Apple co-founder Steve Wozniak said on Tuesday that he has “lost faith” that self-driving cars are going to see widespread use in the near future.
Speaking at Mastercard’s “Connecting Tomorrow” event in Barcelona, Wozniak said that he still does not believe that the artificial intelligence systems needed for self-driving vehicles would be able to cope with the realities of driving on roads alongside manually operated vehicles.
“They have to drive on human roads. If they had train tracks, [there would be] no problem at all,” he said. “I don’t believe that that sort of ‘vision intelligence’ is going to be like a human.”
As an example of where he believes self driving vehicles will struggle, Wozniak pointed to the possibility of impromptu signs being put up by police near roads.
“Artificial intelligence in cars is trained to spot everything that is normal on the roads, not something abnormal,” he said. “They aren’t going to be able to read the words on signs and know what they mean. I’ve really given up.”
Around the world, a number of companies and governments have begun experimenting with and testing a variety of self-driving vehicle concepts.
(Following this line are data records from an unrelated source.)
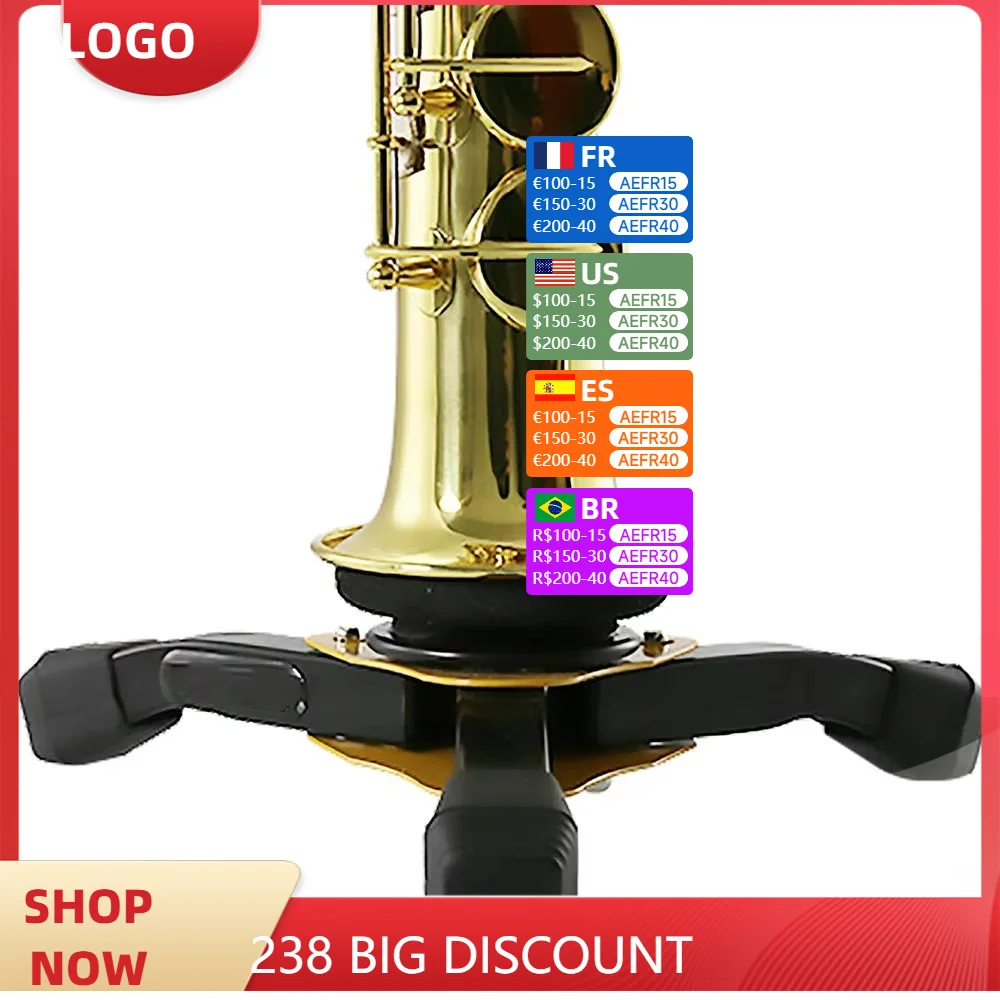 Foldable Portable Saxophone Stand | Tripod Sax Holder for Alto, Tenor & More – Lightweight & Collapsible Design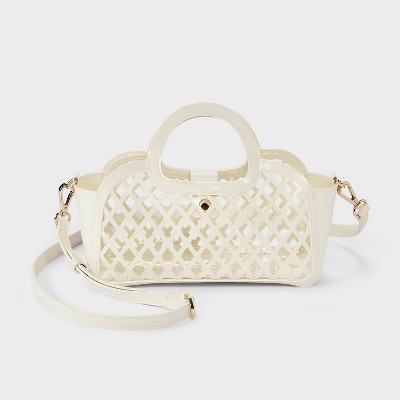 TPU Mini Cage Tote Crossbody Bag - A New Day™ Cream | Target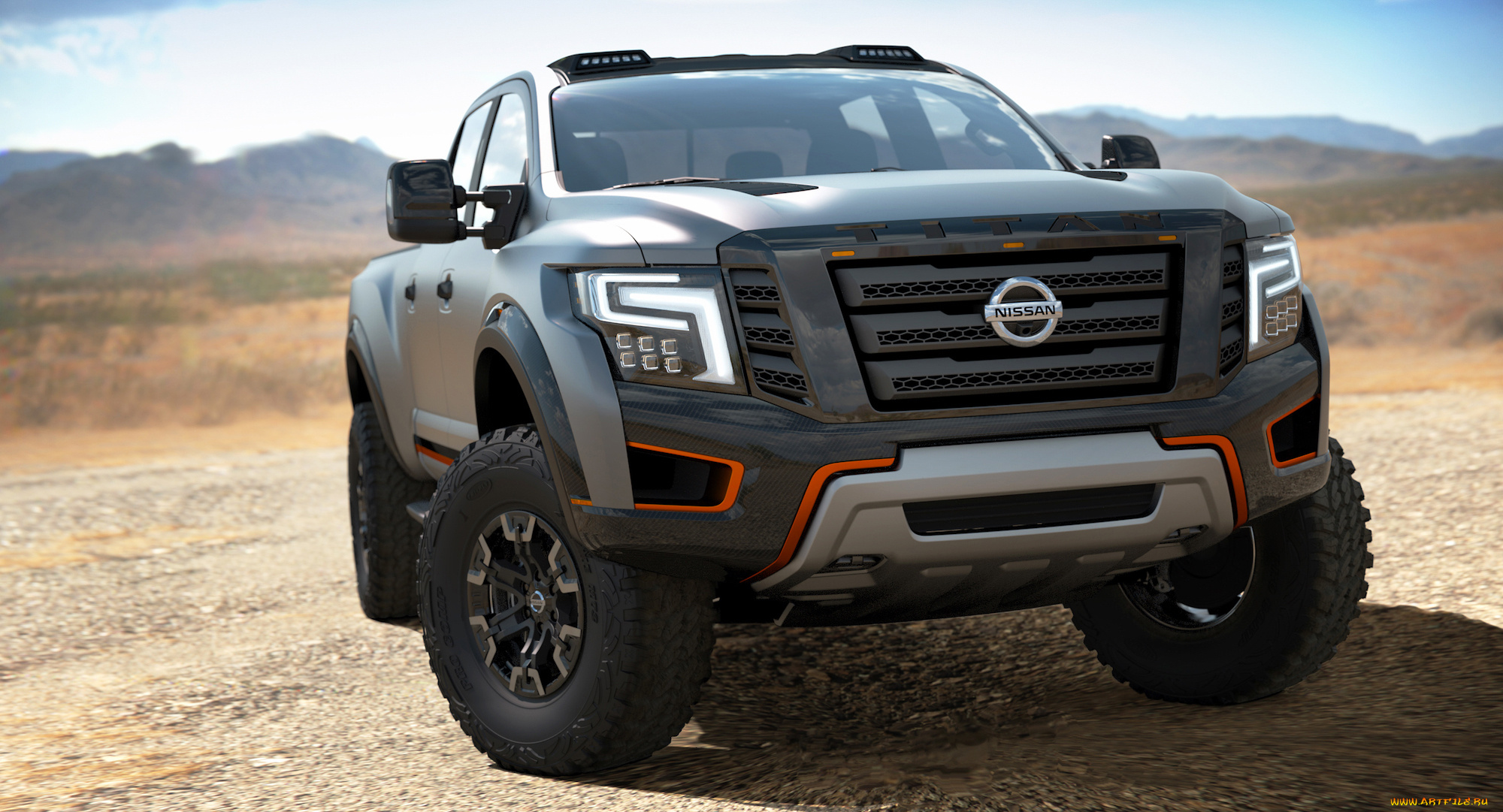 nissan, titan, xd, warrior, concept, 2016, автомобили, 3д, concept, джип, внедорожник, nissan, 2016, xd, warrior, titan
In Dubai, for example, the Roads and Transport Authority (RTA) has announced plans to transform 25 percent of trips in the city into driverless trips by 2030.
However, plans to implement autonomous vehicles around the world were dealt a severe blow in early 2018 after a fatal incident in which an autonomous Uber vehicle in Arizona struck and killed a pedestrian, causing the company to halt its self-driving car programme.
In his remarks on Tuesday, Wozniak – who remains on Apple’s employee list despite leaving day-to-day work there in 1985 – said that for a time he thought that “Apple would be the company that makes a car without a steering wheel, back when I thought such a thing was really going to happen.”
“Then Apple supposedly gave up the hardware…to develop the software to self drive cars,” he said. “Apple gave that up.”